Pour qui ce type de voyage vaut le coup, et pour qui je dois vraiment passer son tour

Pour qui oui

Je le vois bien pour un couple sans enfant qui roule en voiture et qui accepte un budget logement serré autour de 47 euros la nuit. C’est aussi un bon choix pour un voyageur solo qui aime marcher le matin, rentrer tôt et préparer ses repas sans attendre un service tardif. Un lecteur qui cherche trois nuits de calme, des rues vides à l’aube et un rythme souple y trouvera son compte.

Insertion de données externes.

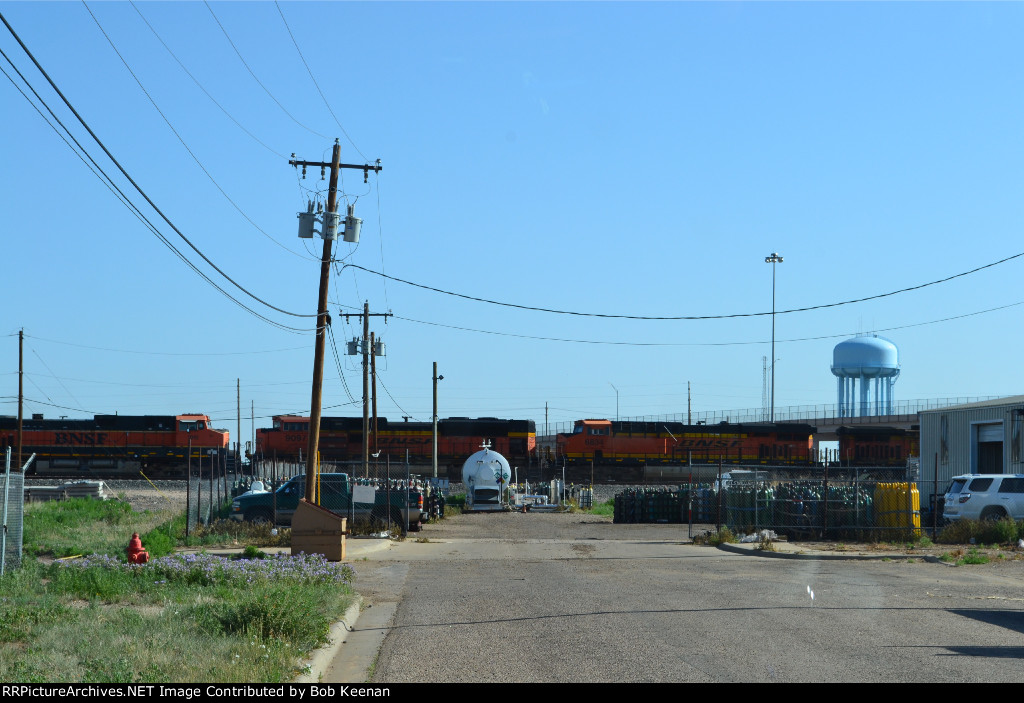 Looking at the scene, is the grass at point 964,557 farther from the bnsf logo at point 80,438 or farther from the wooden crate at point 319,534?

À force, j’ai appris que ce profil supporte très bien les horaires réduits.

Pour qui non

Je le déconseille aux familles avec jeunes enfants, aux voyageurs sans véhicule, et à ceux qui veulent improviser chaque dîner. Je le déconseille aussi à quelqu’un qui compte sur une boulangerie ouverte après 10 h 30, sur un musée le lundi, ou sur une navette de village pour tout faire à pied. Si tu veux un séjour simple, sans coche à vérifier, le hors saison dans un bourg côtier comme Collioure devient vite fatigant. Le calme ne compense pas la fermeture en chaîne.

Pour ces profils, je regarde plutôt une ville moyenne ou un bourg vivant toute l’année, où les commerces ne passent pas tous en veille d’un coup. J’ai aussi de meilleurs souvenirs sur des périodes moins extrêmes, juste avant ou juste après le creux, quand la lumière reste douce et que le repas du soir ne tourne pas à la chasse. Ce choix garde un peu de marge, sans perdre l’intérêt du voyage lent.

Mon verdict : à Collioure, le hors saison reste intéressant pour quelqu’un qui accepte de réserver ses dîners, de vérifier les horaires d’hiver et de rouler 30 minutes pour un repas simple. Pour quelqu’un qui cherche un village vivant à toute heure, sans voiture et sans préparation, c’est non. Je rentre de ce séjour avec une idée claire: moins de foule et moins de prix ne suffisent pas si les portes restent closes.